オーケストラ用シンバル 合せシンバル

 合せシンバルはオーケストラで通常用いられる2個一対のシンバルで、その大きさや厚さも様々である。通常15インチから18インチのものが使われる。サイズが大きくなるほど音程が低く、小さいシンバルほど音程が高くなる。また、サイズが大きいほどサスティン(余韻)が長く、小さくなるほど短くなる。大きさだけでなく、重さや厚みによっても音色が変わる。

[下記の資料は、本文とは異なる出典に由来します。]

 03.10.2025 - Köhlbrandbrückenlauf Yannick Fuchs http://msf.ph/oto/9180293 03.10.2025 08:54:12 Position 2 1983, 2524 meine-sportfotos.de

  形状は曲面で外側の縁が触れあうように出来ている。円盤の中央部はカップまたはベルと呼び、ドーム型に盛り上がっている。真ん中に穴が空いていて、これに皮紐が通されている。
 主に13インチから14インチの小さなシンバルは中国のシンバル( Chinese cymbal ) またはスウィッシュ( swish cymbal )、シズルシンバル( sizzle cymbal )などとも呼ばれる。こういったシンバルは指定しない限りシンフォニーオーケストラでは用いられない。

製造法による違い

ダイキャストとプレス
 製造工程により、キャストシンバルとシートシンバルに分かれる。キャストシンバルは、溶かした金属をシンバルの型に入れて成形する。シートシンバルはシート状になった金属をプレス成形して作るシンバルで、安価なものが多い。キャストシンバルは深みのある音色で年月が経つことで合金が酸化し、音が深まっていく。

ハンマリング
 ハンマーでシンバルの表面を打ち、凸凹をつける。それによって倍音が増える。均等に打たれていると音は明るく、ランダムに打たれていると、複雑で深みのある音になる。図はプレスタイプの穴あきシンバル。ハンマリング加工が施されている。

穴開きシンバル
  2000年頃に登場したタイプ。サイズは10インチから21インチと各種あり、穴の数や大きさは様々。16インチから18インチ程度が主に使われている。音質はクラッシュとチャイナの中間的。高音がきらびやかでピッチが高くサスティンは短め。構造上普通のクラッシュより耐久性は落ちる。図はキャストタイプのの穴開きシンバル。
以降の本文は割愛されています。